S. Butler grades 6-12 to go hybrid after holiday
South Butler County School District students in grades six through 12 will move to the hybrid model of attendance after Thanksgiving.
Secondary students will attend classes in the hybrid fashion until the second week of January, when district officials will determine whether full-time classes will resume, the hybrid model will continue or students will be moved to full-time remote learning. That decision will be based on the number of COVID-19 cases in the county and school district zip codes.
The school board at its Wednesday meeting heard Superintendent David Foley recommend that, because of the upward trend in COVID-19 cases in the county, secondary students attend school two days per week and study at home the other three days after Thanksgiving and until at least the second week of January.
A few new methods have been added to the hybrid model, in which half of the secondary students will attend school Mondays and Tuesdays and the other half Thursdays and Fridays. On Wednesdays, teachers will spend time online with students who have questions on subject matter or those who need extra help, and the school will be sanitized.
Also, Foley said teachers will livestream their classes as opposed to students using the Edgenuity program for at-home learning.
Foley said the district is prepared to livestream the 25-minute classes and all students were given Chromebooks this week to attend the livestreams.
He said he and other superintendents in Butler County and two other counties met with state Department of Education officials on Monday.
He said PDE officials gave a formula regarding COVID-19 case levels that dictates Butler County should have fewer than 187 people with COVID-19 to continue sending students to their school buildings.
Foley said the county at the time of the meeting had 299 cases. He said parents should be aware that he could get an email on Friday ordering the district to go to 100% remote learning. “We are at our tipping point,” Foley said.
School board member Rebecca Boyd agreed with the move to go to the hybrid model after Thanksgiving and even suggested the district take that action immediately as social distancing is impossible in the middle school when classes change.
Boyd asked Foley if students are wearing their masks, to which he replied that most are, but some students have been given detention for not wearing their masks.
Board member Jill McDonald agreed with Boyd's comment that detention might not be a strict enough punishment and that the district should treat mask defiance the same as the smoking policy.
Board member Matt Cimbala disagreed with remote learning, saying schools have not been proven to be super spreaders and there is no evidence that any of the COVID-19 cases in the district were contracted in the schools.
Cimbala called the state's formula “arbitrary” and said the numbers were derived in the summer.

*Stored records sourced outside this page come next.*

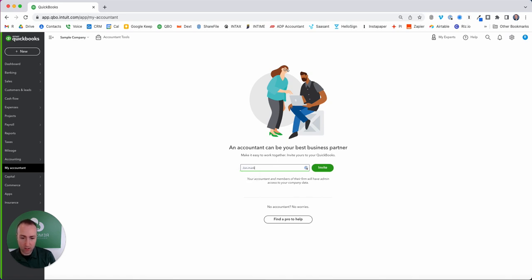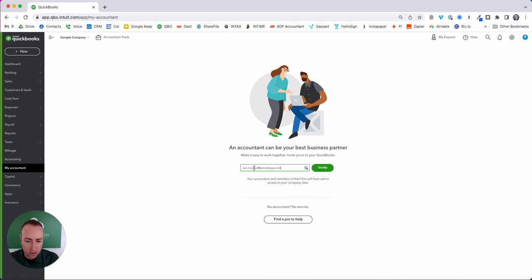m-a-r-k-e-e at remotecpa.com. Just a reminder, there's no H in there at all, so j-o-n dot m-a-r-k-e-e at remotecpa.com.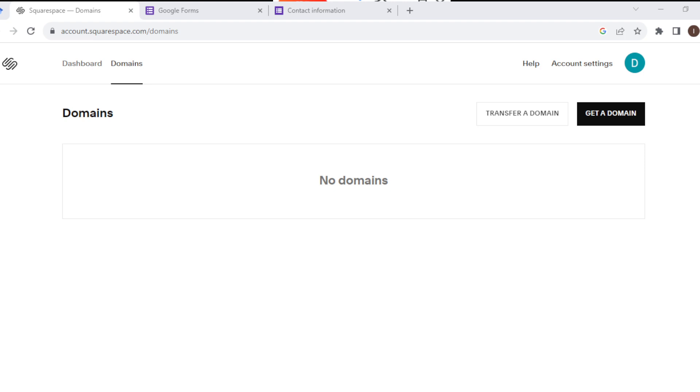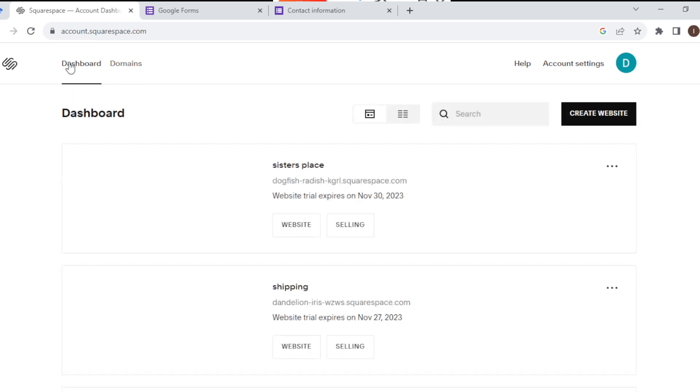Note that once your domain is cancelled, there's a 0.09 probability or chance that you'll be able to get the domain back. So think deeply before you cancel your domain. I'm sure this tutorial has been helpful. Thanks for watching and have a nice day.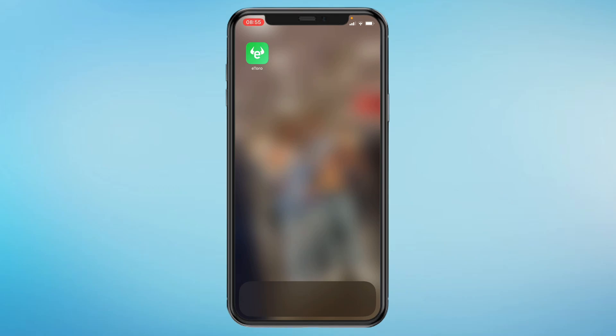How to use the eToro app. In this video I will walk you through the essential features and functions of the eToro app.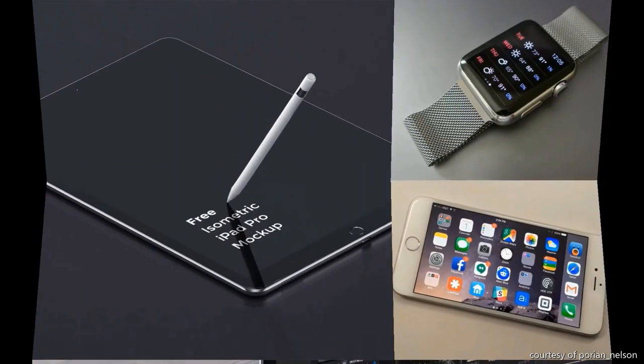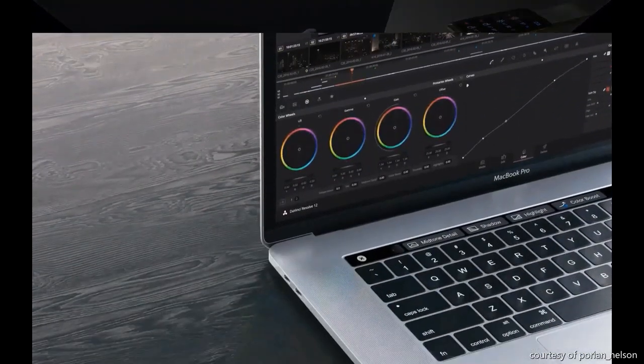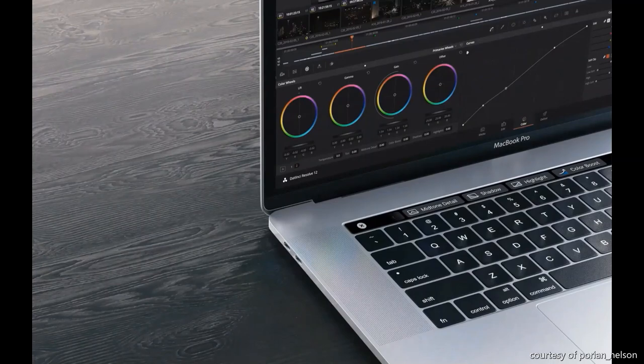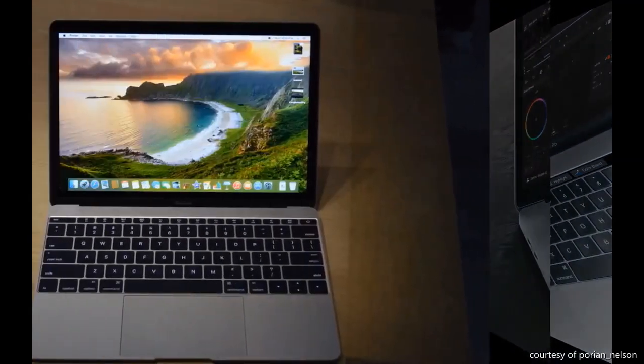7. Photoscape, a free photo editor with a range of tools for basic editing, batch processing, and creating collages.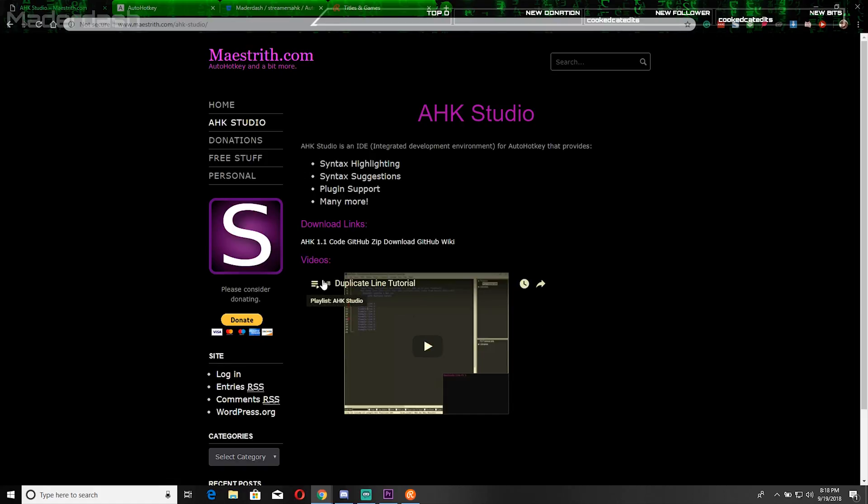There's also eight instructional videos to get you started with the actual studio, so it's an IDE, integrated development environment for AutoHotKey.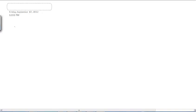All right, Mr. Woods, I'm stuck. I'm not really sure I know how to do number 19. The last one on our homework last night. All right, well, let's give it a go.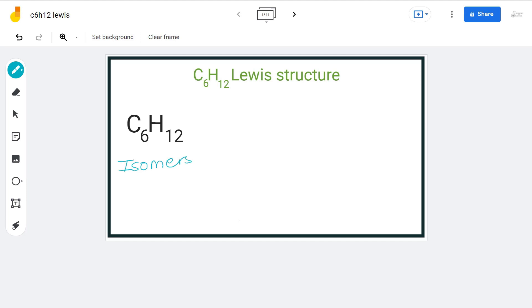There are a total of 25 isomers having the formula C6H12, and we will discuss the Lewis structures of some of them. At the end of this video, structures of all 25 isomers are given.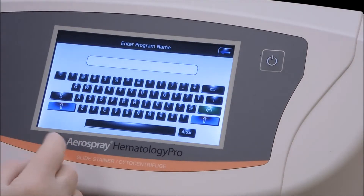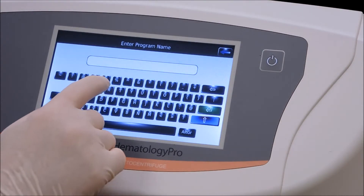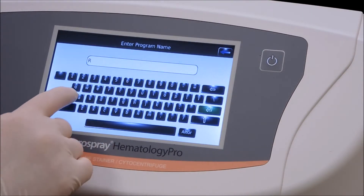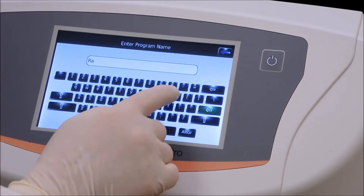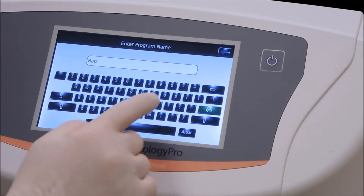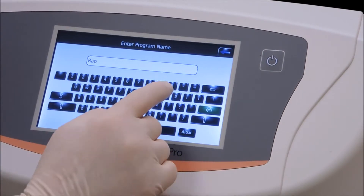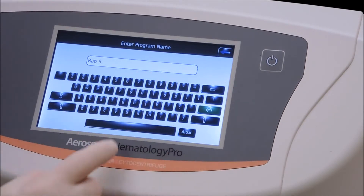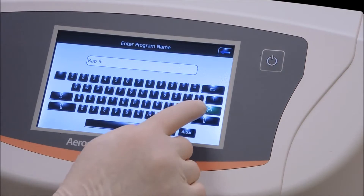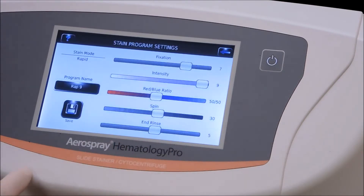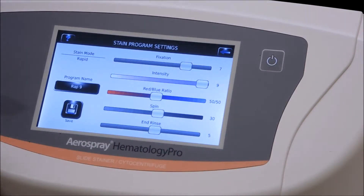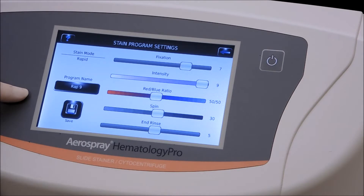Now we need to enter the name. Push the enter space — we'll type R-A-P and then a space. Now we've named and identified this program that we're going to use.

He suggested students and families might be safer if students attend classes at school because they visit friends' homes and other locations when not in school.
Cimbala railed against Gov. Tom Wolf, saying the state has a constitution and a decision-making legislature. “We don't have a dictatorship,” Cimbala said.
The board did not take a vote on moving to the hybrid model because a resolution was previously passed that allows Foley to make such decisions during the pandemic.